== Segment start ==

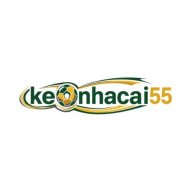 konhacai55de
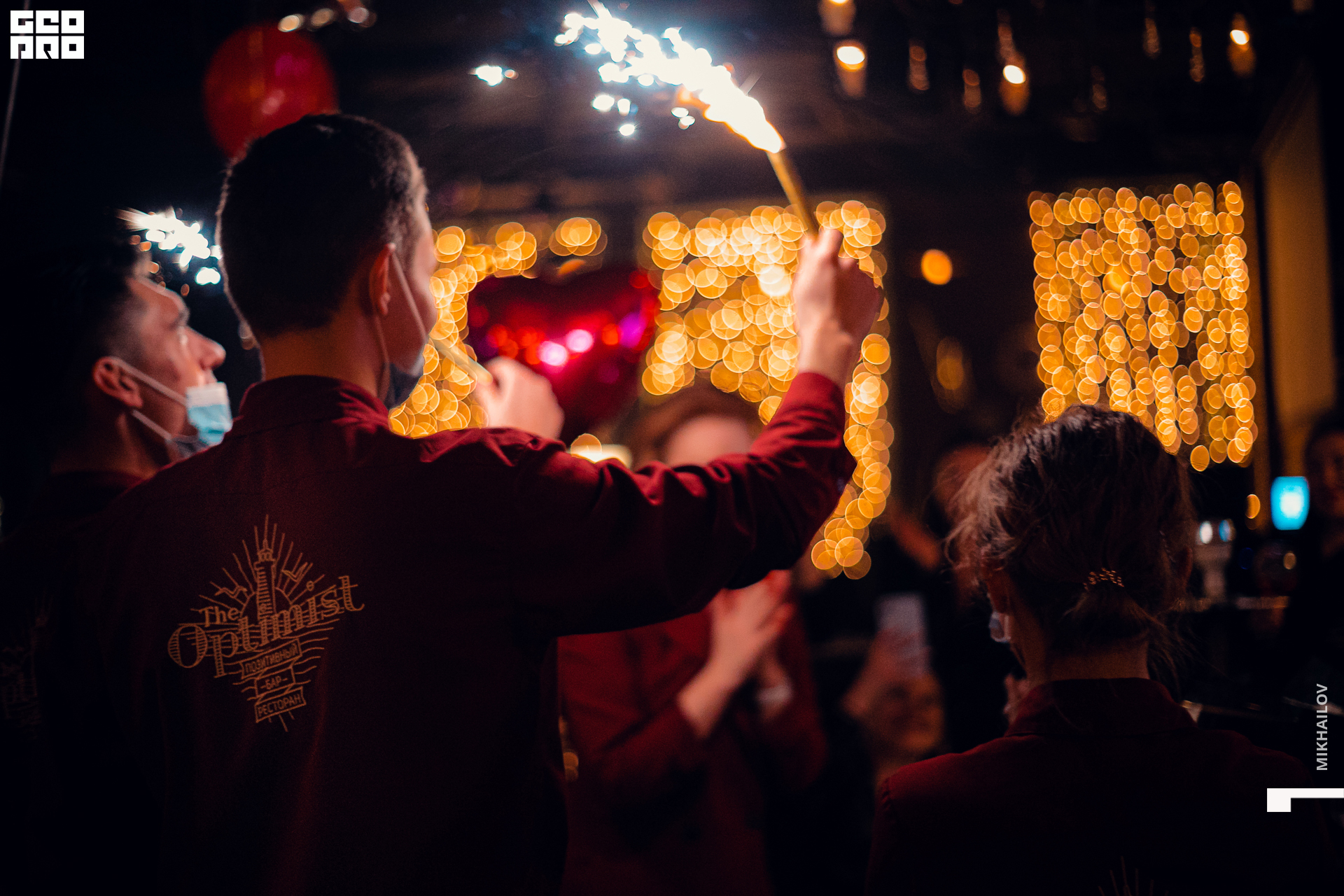 074-06-02-2021-00-01-Оптимист - Михайлов - 1920.jpg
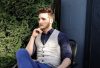 About Men's Hair Replacement Training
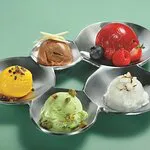 بيلاجيو باتسيري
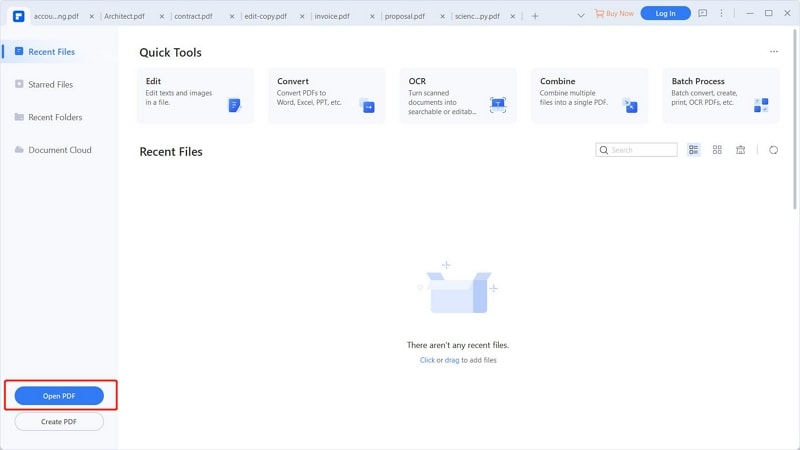 how to convert google slides to pdf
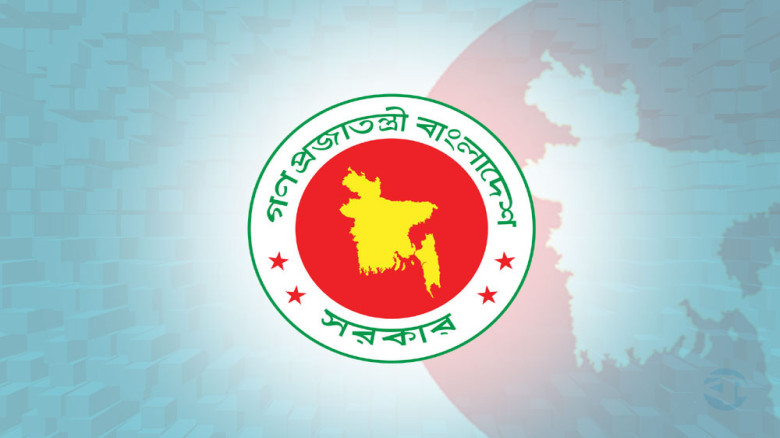 ফ্যামিলি কার্ডের তথ্য সংগ্রহ শুরু সোমবার, ধর্মীয় প্রতিষ্ঠানে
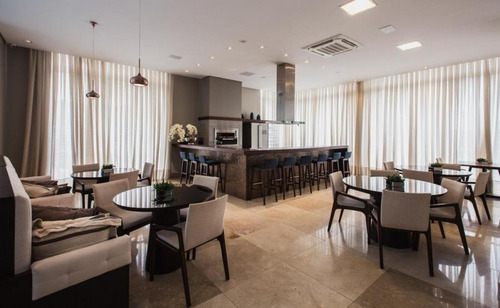 Imagem 9 de 15 de Apartamento Para Venda Em Balneário Camboriú, Pioneiros, 3 Dormitórios, 3 Suítes, 4 Banheiros, 2 Vagas - 6220_1-1068993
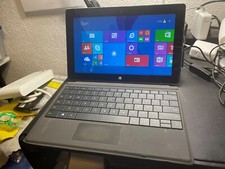 Microsoft Surface Pro 3 Quad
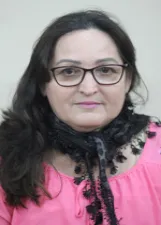 Toninha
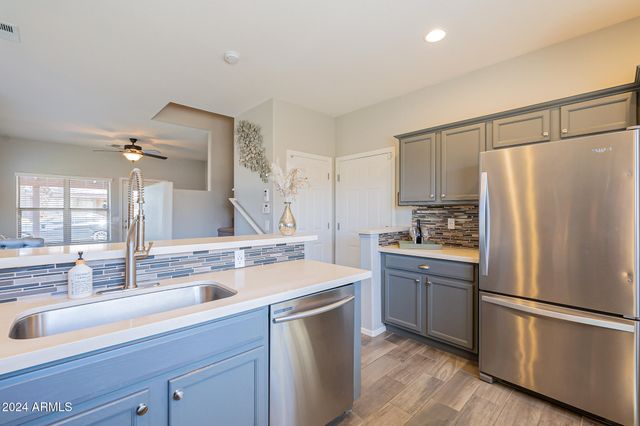 2929 N 37TH Street 14, Phoenix, AZ 85018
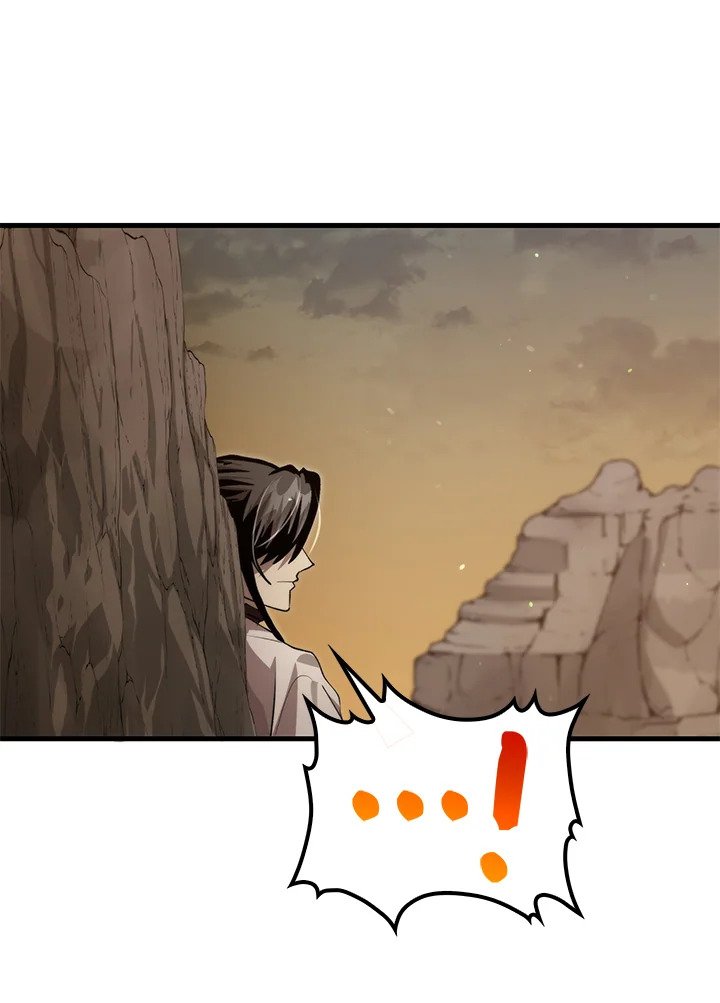 Doctor’s Rebirth ตอนที่ 121 56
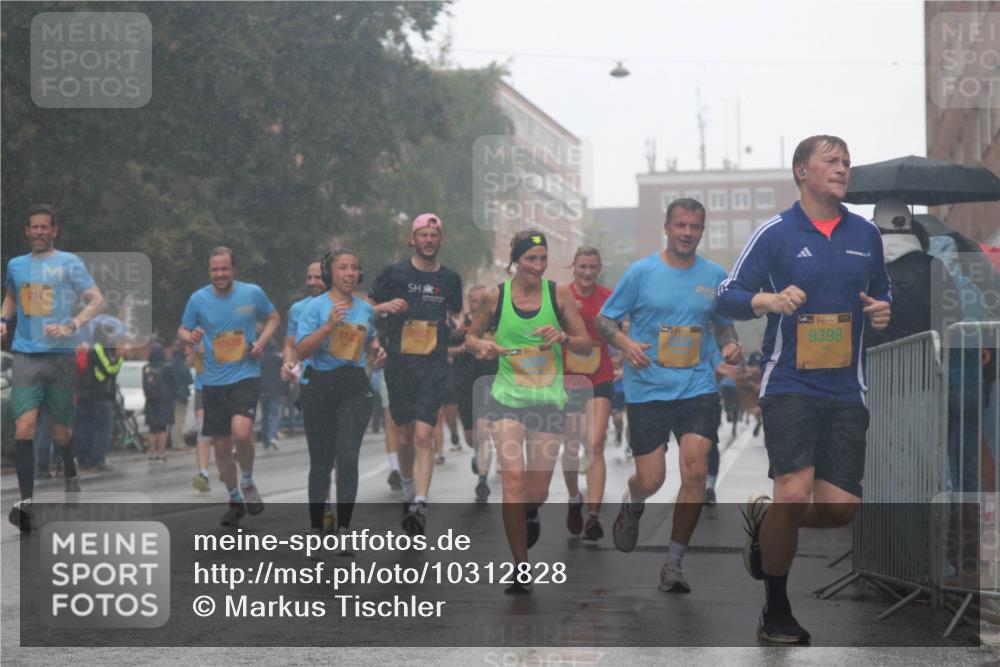 13.09.2026 - Kiel Lauf Markus Tischler http://msf.ph/oto/10312828 13.09.2026 10:39:34 Fleethörn 214, 10675, 1183, 9398 meine-sportfotos.de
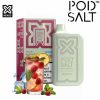 POD SALT NEXUS 6000 Puffs
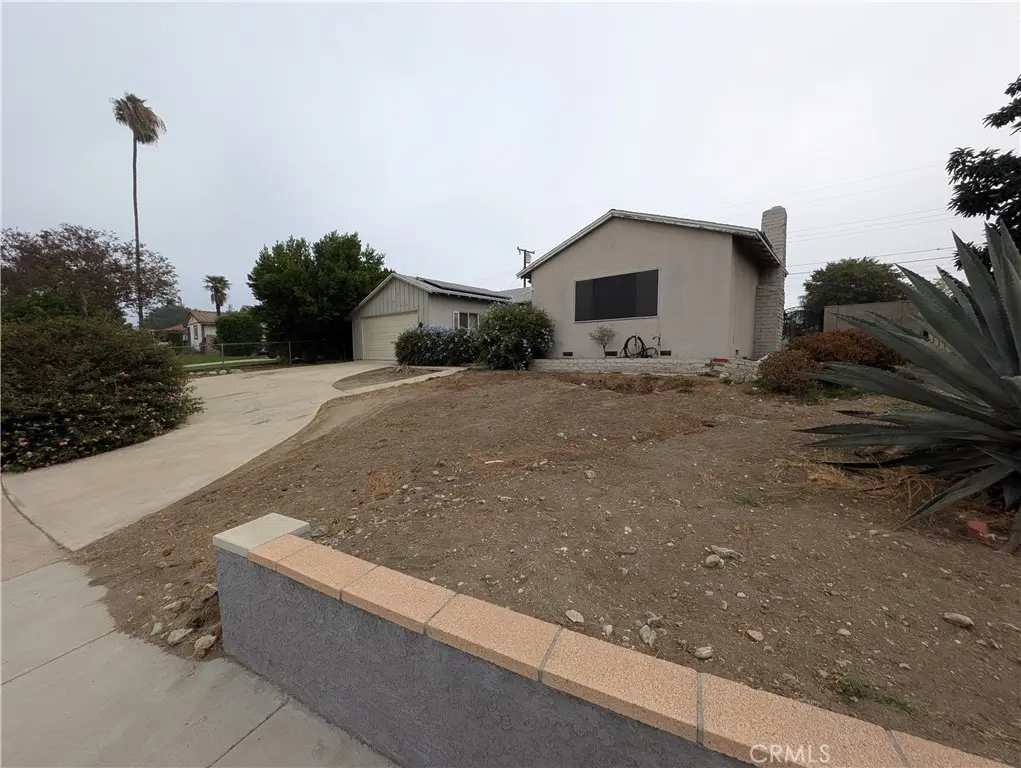 10037 Geneva, Montclair, CA 91763 - Image #1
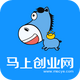 ���ϴ�ҵ���ֻ���v1.1.050���°�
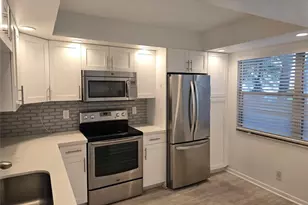 2103 Lucaya Bend, Coconut Creek, FL 33066 - Photo 31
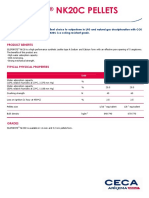 Attachment No.2 CECA Technical Proposal Unit 104A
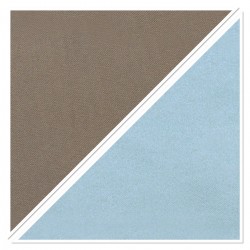 Derek V-132 Wholesale Double Sided Satin Backdrop Curtain Fabrics Living Room and Bedroom Curtains 20 Models 100% Polyester Derek V-132 Wholesale Double Sided Satin Backdrop Curtain Fabrics Living Room and Bedroom Curtains 20 Models 100% Polyester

== Segment end ==

Assignment: Would you please repeat the lines above exactly, from the first line of the listing through the line holding "ফ্যামিলি কার্ডের তথ্য", with nothing added and no pictures?

Exercise output:
 konhacai55de
 074-06-02-2021-00-01-Оптимист - Михайлов - 1920.jpg
 About Men's Hair Replacement Training
 بيلاجيو باتسيري
 how to convert google slides to pdf
 ফ্যামিলি কার্ডের তথ্য সংগ্রহ শুরু সোমবার, ধর্মীয় প্রতিষ্ঠানে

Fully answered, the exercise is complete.